It’s a lonely calling. “Washington is full of Carnegie and Brookings Institutes with people who can tell you every option we have in Egypt or Pakistan,” laments Herr, who has a PhD in anthropology from Columbia University. “Try and find someone who does that on the postal service. There aren’t many.”

Yet Herr finds the USPS fascinating: ubiquitous, relied on, and headed off a cliff. Its trucks are everywhere; few give it a second thought. “It’s one of those things that the public just takes for granted,” he says. “The mailman shows up, drops off the mail, and that’s it.”

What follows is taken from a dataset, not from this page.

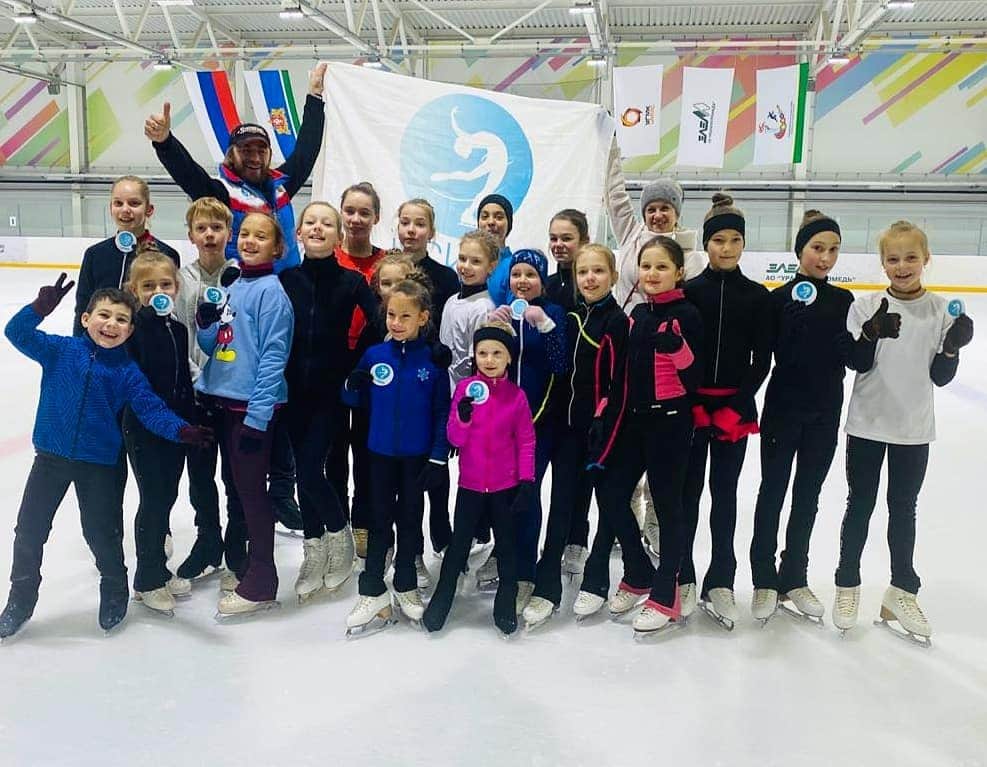 アレクセイ・ロゴノフのインスタグラム：「Успешное завершение зимней смены inSkate camp 2021 в Кировграде!  Спасибо спортсменам за усердную работу!💪 Тренерам @ankudiova_nadym и @evdokimova7166 за помощь на льду!⛸ @angazhement_ballet_ekb за качественный класс! @lidiafffffff за организацию процесса!📋 А родителям за доверие!🙏  СЛЕДИТЕ ЗА НОВОСТЯМИ!📣 В ближайшее время появится информация о летних сборах inSkate Camp 2021.  Увидимся на льду в Крыму! @inSkate_team  #inSkateCamp #Кировград #figureskating #figureskating #фигурноекатание #сборы #фигурноекатаниесборы #фигурноекатаниедети #фигуристка #фигуристы #сборынадому #мобильноеприложение #inSkate」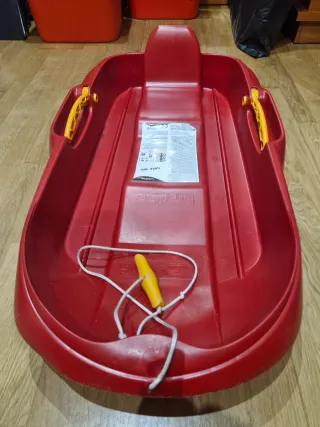 Trineo rojo con pala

He is struck by how many USPS executives started out as letter carriers or clerks. He finds them so consumed with delivering mail that they have been slow to grasp how swiftly the service’s financial condition is deteriorating. “We said, ‘What’s your 10-year plan?’ ” Herr recalls. “They didn’t have one.”

Congress gave him until the end of 2011 to report on the USPS’s woes. But Herr and his team concluded that the postal service’s business model was so badly broken that collapse was imminent. Abandoning a long tradition of overdue reports, they felt they had to deliver theirs 18 months early in April 2010 to the various House and Senate committees and subcommittees that watch over the USPS. A year later, the situation is even grimmer. With the rise of e-mail and the decline of letters, mail volume is falling at a staggering rate, and the postal service’s survival plan isn’t reassuring. Elsewhere in the world, postal services are grappling with the same dilemma—only most of them, in humbling contrast, are thriving.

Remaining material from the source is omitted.